Segment Start: Data for review

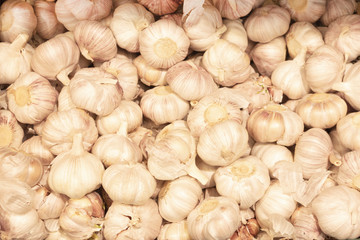Obraz na płótnie Canvas Pile of white garlic close-up. Young garlic is laid out on the counter. The concept of vitamins from a natural product, prevention from diseases or viruses, a culinary ingredient.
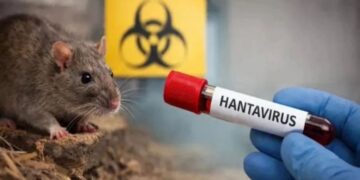 Quinto caso de Hantavirus en la región de Ñuble.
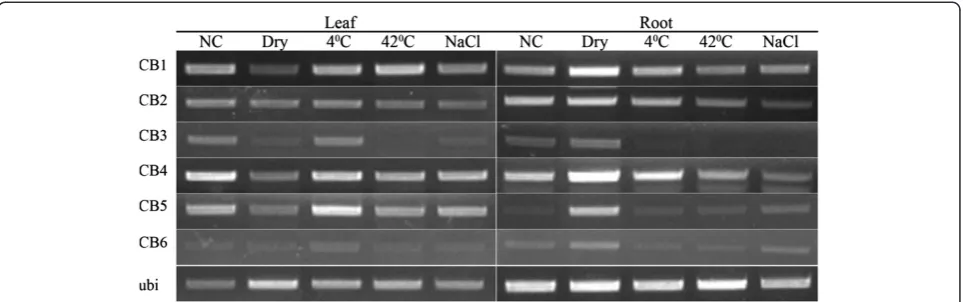 Figure 7 Expression patterns of chlorophyll binding (CB) genes in rice seedlings under different abiotic stresses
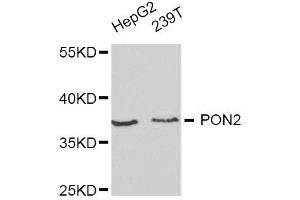 Western blot analysis of extracts of various cell lines, using PON2 antibody. (PON2 antibody  (AA 1-210))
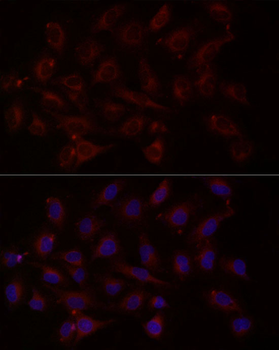 NTF4 antibody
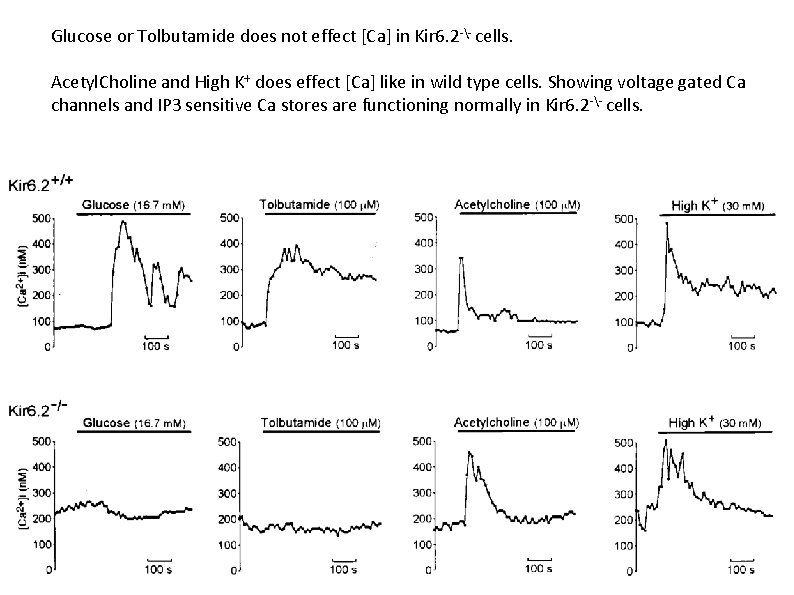 Glucose or Tolbutamide does not effect [Ca] in Kir 6. 2 -- cells. Acetyl.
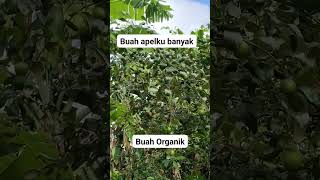 GILA!!! RIMBUNNYA BUAH APELKU!! #viralvideo #apel #apelputsa #apelorganik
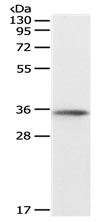 SOX2 Antibody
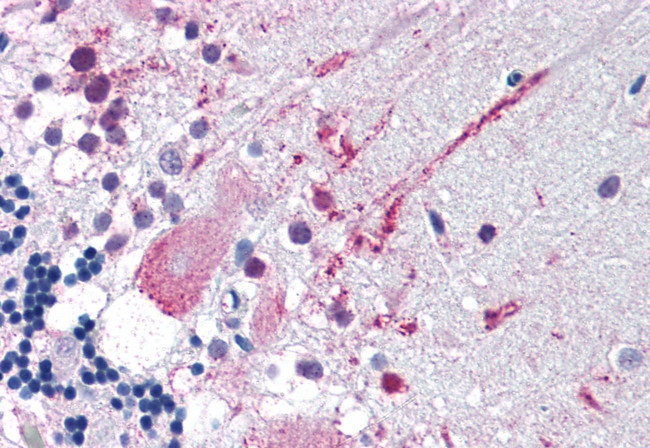 MRGPRF Antibody in Immunohistochemistry (Paraffin) (IHC (P))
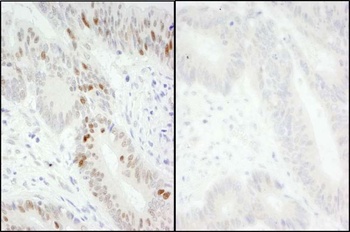 Rabbit Phospho MCM2 (S40/S41) Antibody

Segment End: Data for review

> **Exercise instructions**
Carry over each record above character for character, with the pictures left out.

> **Solution to the problem**
Obraz na płótnie Canvas Pile of white garlic close-up. Young garlic is laid out on the counter. The concept of vitamins from a natural product, prevention from diseases or viruses, a culinary ingredient.
 Quinto caso de Hantavirus en la región de Ñuble.
 Figure 7 Expression patterns of chlorophyll binding (CB) genes in rice seedlings under different abiotic stresses
 Western blot analysis of extracts of various cell lines, using PON2 antibody. (PON2 antibody  (AA 1-210))
 NTF4 antibody
 Glucose or Tolbutamide does not effect [Ca] in Kir 6. 2 -- cells. Acetyl.
 GILA!!! RIMBUNNYA BUAH APELKU!! #viralvideo #apel #apelputsa #apelorganik
 SOX2 Antibody
 MRGPRF Antibody in Immunohistochemistry (Paraffin) (IHC (P))
 Rabbit Phospho MCM2 (S40/S41) Antibody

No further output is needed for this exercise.